▶ Instructions for the task
Of the lines in the material below, print only those from the one containing "19th Century French" to the one containing "Versatile Essential Oil", ends included, exactly as written and without pictures.

▶ Dataset records

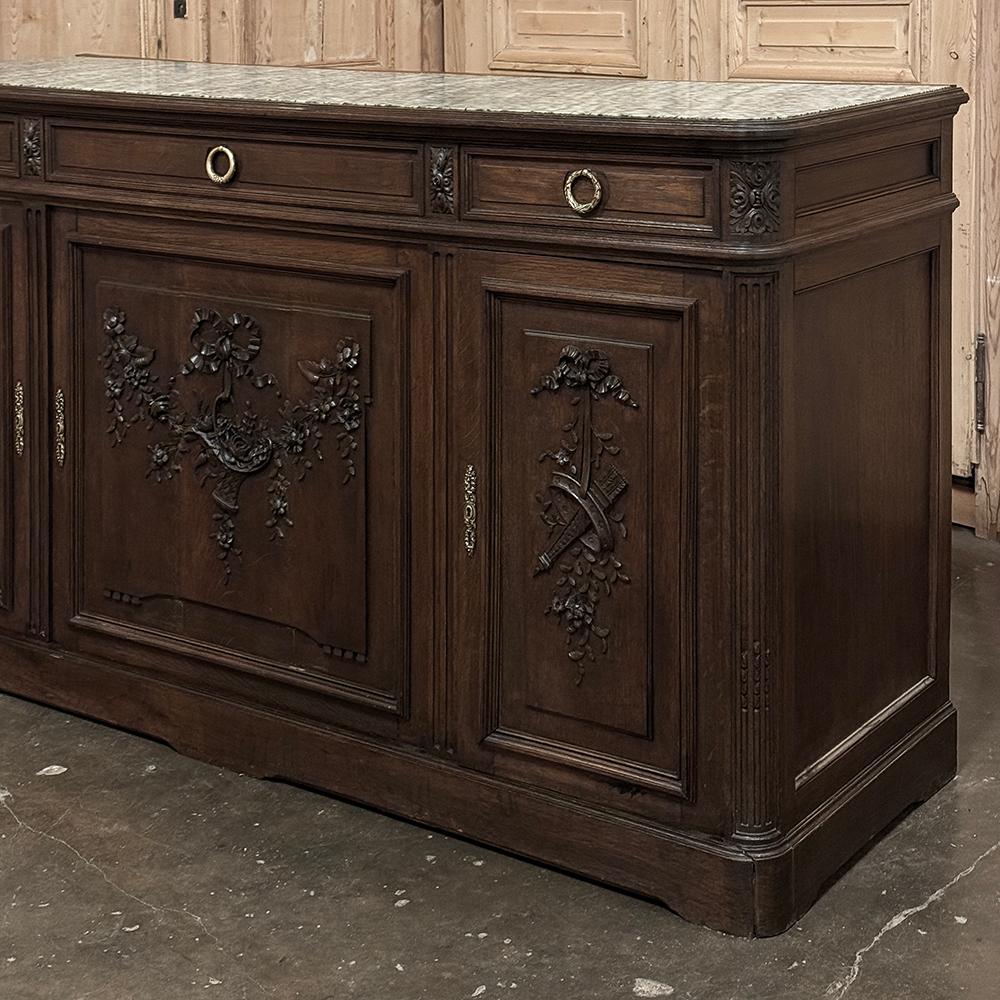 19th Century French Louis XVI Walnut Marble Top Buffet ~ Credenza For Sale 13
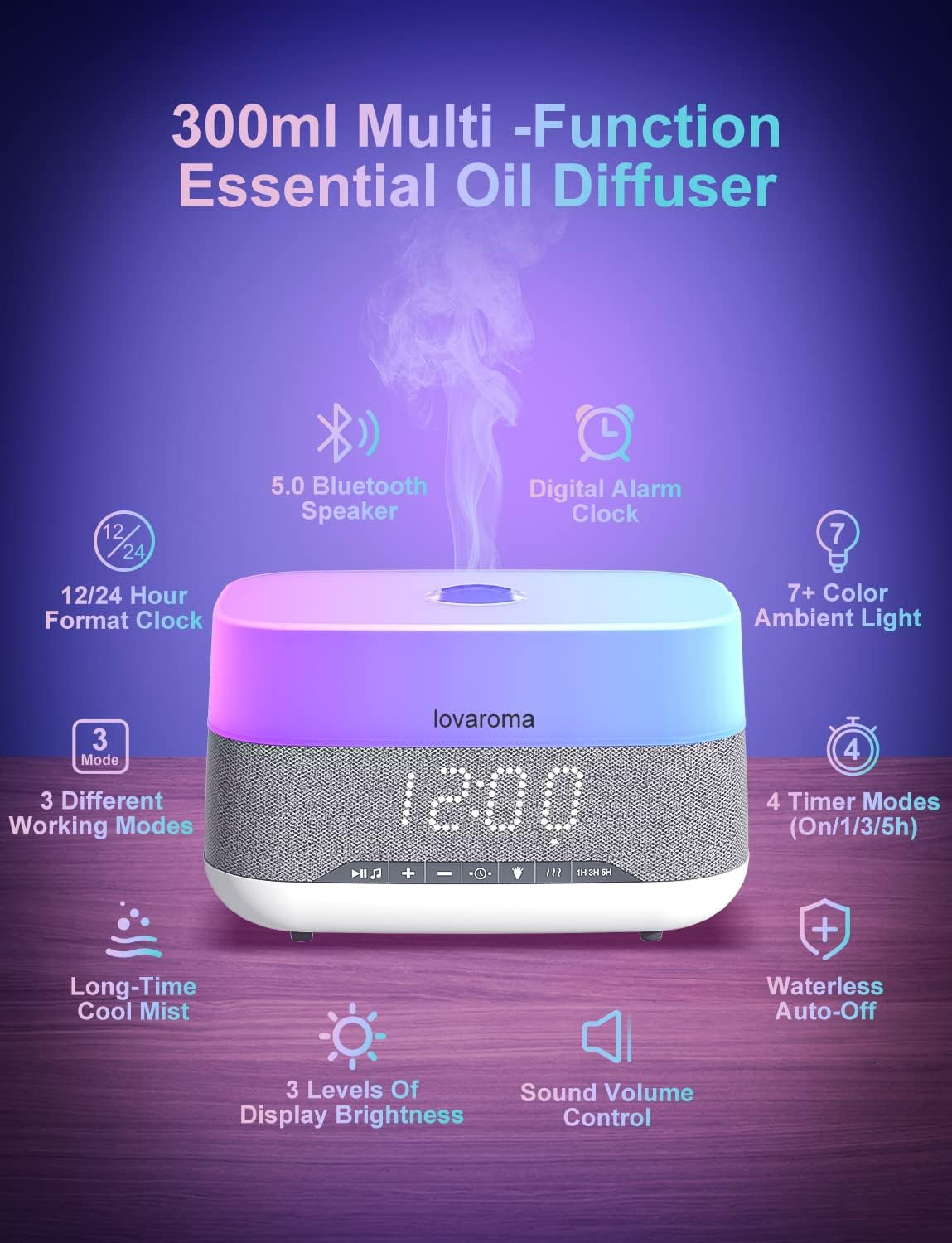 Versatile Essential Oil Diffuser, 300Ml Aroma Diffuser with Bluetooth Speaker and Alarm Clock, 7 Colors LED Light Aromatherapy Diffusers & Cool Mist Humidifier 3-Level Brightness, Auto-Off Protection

---

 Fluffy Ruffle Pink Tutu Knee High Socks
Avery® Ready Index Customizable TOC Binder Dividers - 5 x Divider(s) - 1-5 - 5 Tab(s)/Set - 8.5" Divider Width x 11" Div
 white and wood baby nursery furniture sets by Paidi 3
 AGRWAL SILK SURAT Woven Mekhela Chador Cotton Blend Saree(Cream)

▶ Solution to the problem
 19th Century French Louis XVI Walnut Marble Top Buffet ~ Credenza For Sale 13
 Versatile Essential Oil Diffuser, 300Ml Aroma Diffuser with Bluetooth Speaker and Alarm Clock, 7 Colors LED Light Aromatherapy Diffusers & Cool Mist Humidifier 3-Level Brightness, Auto-Off Protection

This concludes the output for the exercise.